Only a few hours after winning the seat, the Saudi Arabian Ministry of Foreign Affairs issued a statement announcing that the kingdom will not be accepting the two-year membership at the Security Council, citing failures of the U.N. body in resolving regional issues such as the ongoing massacre in Syria and its inability to rid the region off Weapons of Mass Destruction.

Afshin Molavi, a research fellow at the Washington-based think tank, New America Foundation, told Al Arabiya that Saudi Arabia rejecting their newly-won seat was closely related to Saudi King Abdullah’s “personal frustration over what he views as United Nations Security Council inaction on Syria.”
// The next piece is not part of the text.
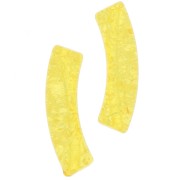 Perline curve a tubo in acrilico trasparente 32x8 mm con effetto crackle - Giallo x6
“I think that they have chosen this unprecedented symbolic step of refusal,” said Molavi, adding that such a decision would not have a significant effect on its influence.

“Saudi Arabia already has the power to influence [international] events. A membership in the U.N. Security Council would not have changed that,” he added.

Alon Ben-Meir, a professor at New York University’s Center for Global Affairs, believes that the Security Council’s “terrible ineptitude” over many conflicts around the world, especially inaction on Syria, has pushed Saudi Arabia to reject the membership.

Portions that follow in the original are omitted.